# About this exercise
Please set down only the lines from the one containing "Appartement lumineux 2" through the end of the entries below, exactly, minus any pictures.

# Given records
- - -

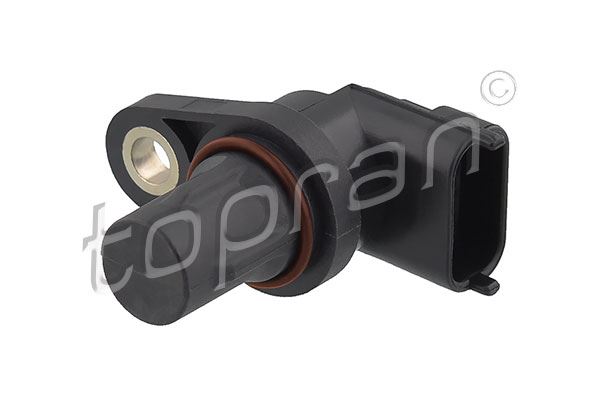 EKSANTRIK MILI KONUM SENSORU MERCEDES M112 M113 M266 M271 M272 W169 W245 W204 W211 W212 W221 - TOPRAN - OEM A2729050043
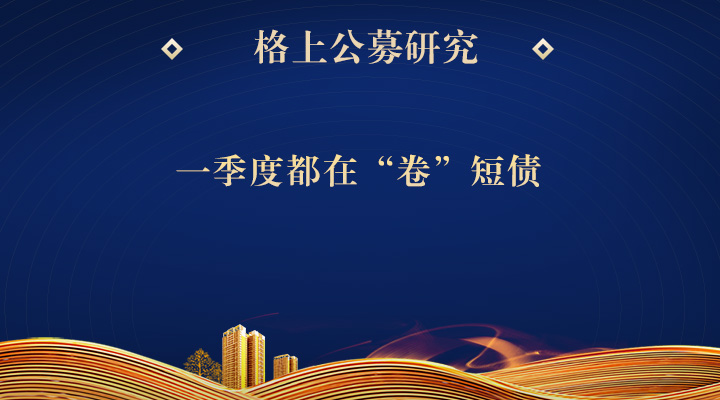 gbm-richtext-upload-1679907370834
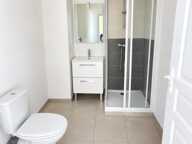 Appartement lumineux 2 pièces à Moret-Loing — photo 4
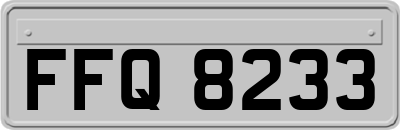 FFQ8233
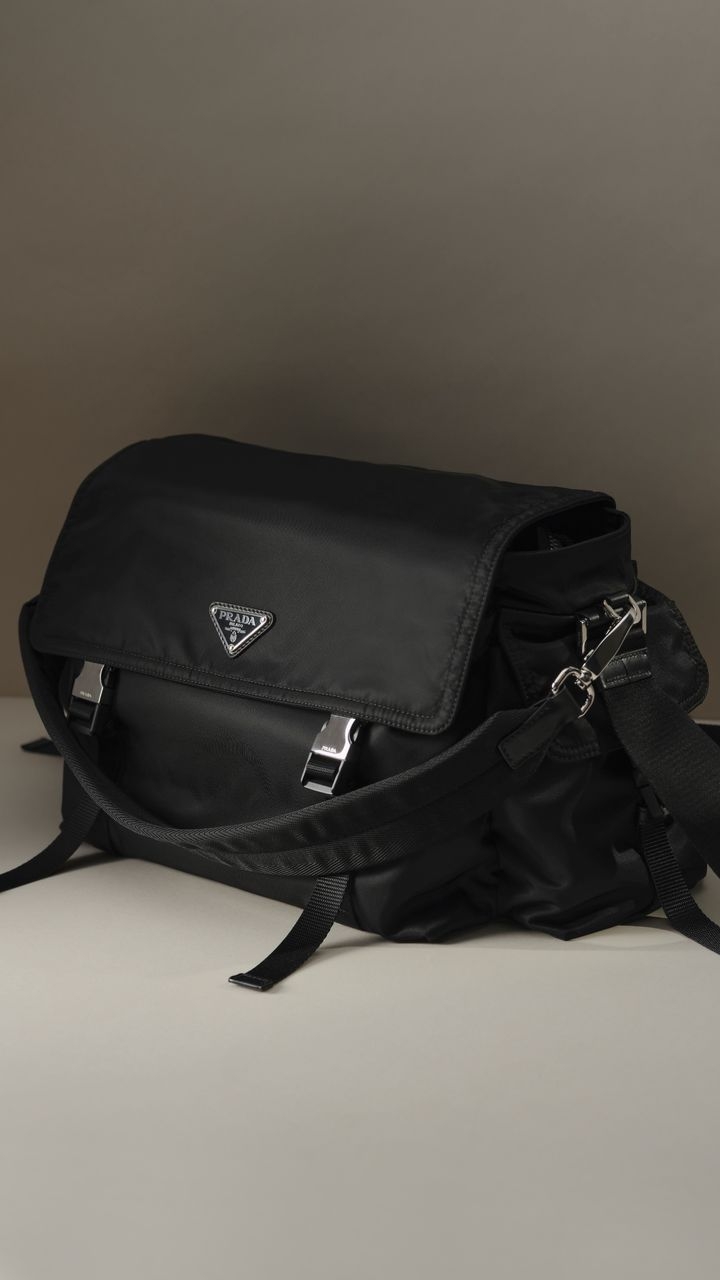 2025七夕情人節禮物 PRADA 6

- - -

# Solution to the exercise
 Appartement lumineux 2 pièces à Moret-Loing — photo 4
 FFQ8233
 2025七夕情人節禮物 PRADA 6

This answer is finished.